1. Zhejiang Provincial Key Laboratory of Pathophysiology, School of Medicine, Ningbo University, Ningbo, ZJ 315000, China
2. The Neurology Department of the 148th Hospital of PLA, Zibo, SD 255300, China
3. Department of Medicine, University of Chicago, Chicago, IL 60637, USA
4. Biological Science Division, University of Chicago, Chicago, IL 60637, USA
5. Department of Psychiatry, University of Chicago, Chicago, IL 60637, USA.
*SD and YW contributed equally to the work.

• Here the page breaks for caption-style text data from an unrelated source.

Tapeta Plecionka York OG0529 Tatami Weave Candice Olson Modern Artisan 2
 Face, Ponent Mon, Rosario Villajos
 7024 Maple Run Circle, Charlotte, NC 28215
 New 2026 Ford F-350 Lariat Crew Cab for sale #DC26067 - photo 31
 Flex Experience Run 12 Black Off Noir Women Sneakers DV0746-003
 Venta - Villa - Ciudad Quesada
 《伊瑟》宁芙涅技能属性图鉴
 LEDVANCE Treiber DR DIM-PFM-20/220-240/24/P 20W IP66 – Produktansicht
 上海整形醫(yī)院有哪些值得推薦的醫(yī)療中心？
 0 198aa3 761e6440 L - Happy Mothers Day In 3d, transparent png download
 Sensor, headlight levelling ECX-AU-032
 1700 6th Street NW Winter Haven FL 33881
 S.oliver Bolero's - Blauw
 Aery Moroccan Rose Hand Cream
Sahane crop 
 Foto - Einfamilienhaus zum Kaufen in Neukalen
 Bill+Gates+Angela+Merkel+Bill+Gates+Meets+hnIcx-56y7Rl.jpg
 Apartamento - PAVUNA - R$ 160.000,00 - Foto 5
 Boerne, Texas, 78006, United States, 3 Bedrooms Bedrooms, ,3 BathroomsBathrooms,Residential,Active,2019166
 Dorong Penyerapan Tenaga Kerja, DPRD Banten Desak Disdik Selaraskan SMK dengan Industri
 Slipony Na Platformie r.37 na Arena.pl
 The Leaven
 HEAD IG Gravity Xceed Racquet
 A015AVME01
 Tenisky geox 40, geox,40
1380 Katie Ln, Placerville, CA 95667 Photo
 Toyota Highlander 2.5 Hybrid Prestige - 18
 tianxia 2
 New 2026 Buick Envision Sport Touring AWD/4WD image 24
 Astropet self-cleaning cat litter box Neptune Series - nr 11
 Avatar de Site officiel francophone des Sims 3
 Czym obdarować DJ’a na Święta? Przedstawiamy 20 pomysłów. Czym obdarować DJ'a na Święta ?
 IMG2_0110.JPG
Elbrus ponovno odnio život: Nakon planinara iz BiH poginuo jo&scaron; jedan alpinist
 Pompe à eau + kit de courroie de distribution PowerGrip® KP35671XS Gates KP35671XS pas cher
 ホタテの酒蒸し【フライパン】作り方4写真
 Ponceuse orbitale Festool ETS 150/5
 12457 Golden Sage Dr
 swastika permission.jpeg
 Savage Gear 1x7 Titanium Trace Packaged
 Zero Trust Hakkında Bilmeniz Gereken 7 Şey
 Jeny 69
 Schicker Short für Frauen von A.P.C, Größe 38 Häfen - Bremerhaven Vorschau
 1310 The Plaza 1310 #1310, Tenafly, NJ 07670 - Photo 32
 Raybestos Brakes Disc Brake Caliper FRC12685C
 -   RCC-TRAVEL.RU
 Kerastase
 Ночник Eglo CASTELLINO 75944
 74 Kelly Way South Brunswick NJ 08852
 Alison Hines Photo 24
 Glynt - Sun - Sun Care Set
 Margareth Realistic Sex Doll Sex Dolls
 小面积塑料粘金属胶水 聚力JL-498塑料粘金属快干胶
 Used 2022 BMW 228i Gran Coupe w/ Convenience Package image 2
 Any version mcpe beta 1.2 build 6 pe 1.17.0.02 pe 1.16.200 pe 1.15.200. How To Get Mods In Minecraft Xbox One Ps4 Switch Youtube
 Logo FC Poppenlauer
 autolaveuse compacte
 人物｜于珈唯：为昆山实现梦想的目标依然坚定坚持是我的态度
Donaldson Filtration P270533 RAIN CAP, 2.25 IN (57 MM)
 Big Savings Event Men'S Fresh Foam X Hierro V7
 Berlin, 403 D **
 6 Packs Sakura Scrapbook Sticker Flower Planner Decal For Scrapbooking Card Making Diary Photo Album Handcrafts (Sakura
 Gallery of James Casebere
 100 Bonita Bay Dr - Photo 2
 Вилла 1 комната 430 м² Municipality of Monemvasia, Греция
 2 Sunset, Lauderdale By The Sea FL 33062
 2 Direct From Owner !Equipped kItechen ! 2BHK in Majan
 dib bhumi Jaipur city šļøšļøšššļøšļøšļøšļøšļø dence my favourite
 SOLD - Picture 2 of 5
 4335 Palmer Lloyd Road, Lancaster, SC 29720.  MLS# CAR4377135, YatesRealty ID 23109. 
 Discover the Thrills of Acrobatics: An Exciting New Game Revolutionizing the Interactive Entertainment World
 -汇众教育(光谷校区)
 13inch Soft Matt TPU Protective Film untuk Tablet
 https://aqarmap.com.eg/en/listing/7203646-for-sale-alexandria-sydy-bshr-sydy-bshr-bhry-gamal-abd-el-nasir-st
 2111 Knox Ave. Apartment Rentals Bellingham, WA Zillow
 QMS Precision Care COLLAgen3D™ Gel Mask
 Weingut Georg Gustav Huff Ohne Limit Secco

MiRNAs are potent regulators of gene expression, and most miRNAs have from several to several thousands of gene targets. Validating the numerous gene targets of a given miRNA remains challenging despite the existence of various tools and databases that predict candidate gene-miRNA pairs. In the present study, we present a high-throughput but flexible method that applies a PCR-based application to simulate the binding of miRNAs to their gene targets. Using hsa-miR-377 as an illustrative example, our method was able to identify 13 potential targets of hsa-miR-377. Moreover, our results include 2 genes (SOD2 and PPM1A) that have already been verified as targets of hsa-miR-377. Our method may provide an alternative way of identifying the gene targets of miRNAs for future research.
Keywords: miRNA, gene target, hsa-miR-377, high-throughput.